WHAT YOU HAVE TO DO: In this exercise, print only the lines of the records below from the one with "Luxury Gift Box" through the one with "Vintage Diamond Cut", inclusive. Pictures are not part of the copy.

EXERCISE DATA:
-*-
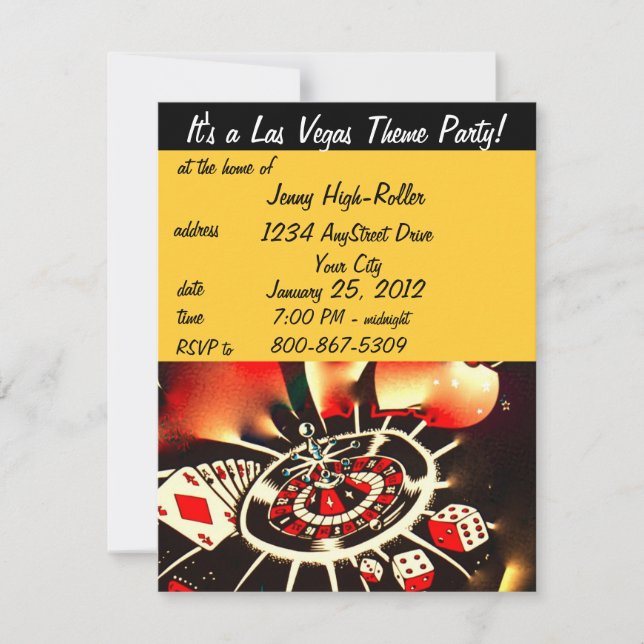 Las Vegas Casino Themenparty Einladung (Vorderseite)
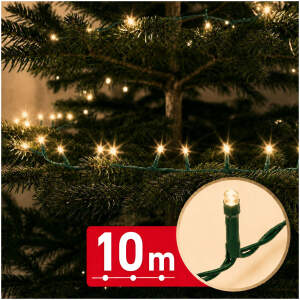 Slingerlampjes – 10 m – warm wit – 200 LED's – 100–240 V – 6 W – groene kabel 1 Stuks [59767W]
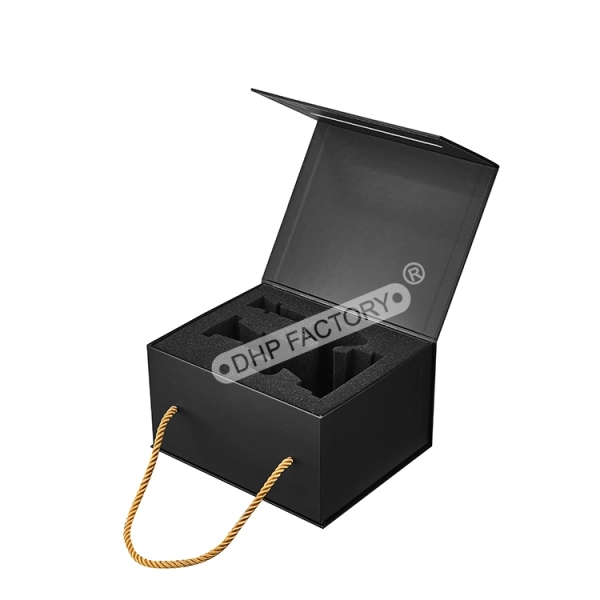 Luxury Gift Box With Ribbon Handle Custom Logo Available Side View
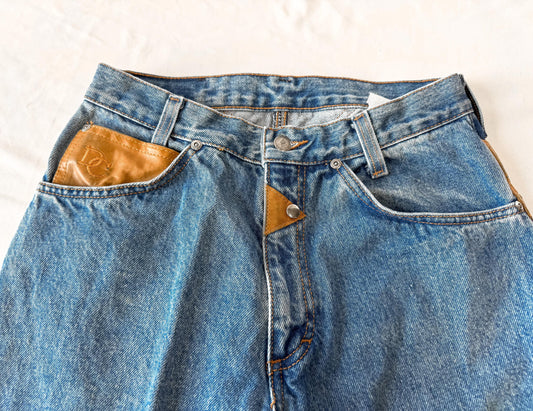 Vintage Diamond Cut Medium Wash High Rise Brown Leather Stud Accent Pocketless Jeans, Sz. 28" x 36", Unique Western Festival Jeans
-*-
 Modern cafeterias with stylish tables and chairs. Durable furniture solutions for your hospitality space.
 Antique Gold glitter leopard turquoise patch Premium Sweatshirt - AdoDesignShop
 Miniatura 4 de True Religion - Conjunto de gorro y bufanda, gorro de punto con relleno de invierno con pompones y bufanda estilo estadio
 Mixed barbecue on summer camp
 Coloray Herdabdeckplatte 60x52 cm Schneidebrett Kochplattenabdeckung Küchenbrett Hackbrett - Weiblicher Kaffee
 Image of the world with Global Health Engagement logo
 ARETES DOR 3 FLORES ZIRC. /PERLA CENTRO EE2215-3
-*-
SOLUTION FOR THIS TASK:
 Luxury Gift Box With Ribbon Handle Custom Logo Available Side View
 Vintage Diamond Cut Medium Wash High Rise Brown Leather Stud Accent Pocketless Jeans, Sz. 28" x 36", Unique Western Festival Jeans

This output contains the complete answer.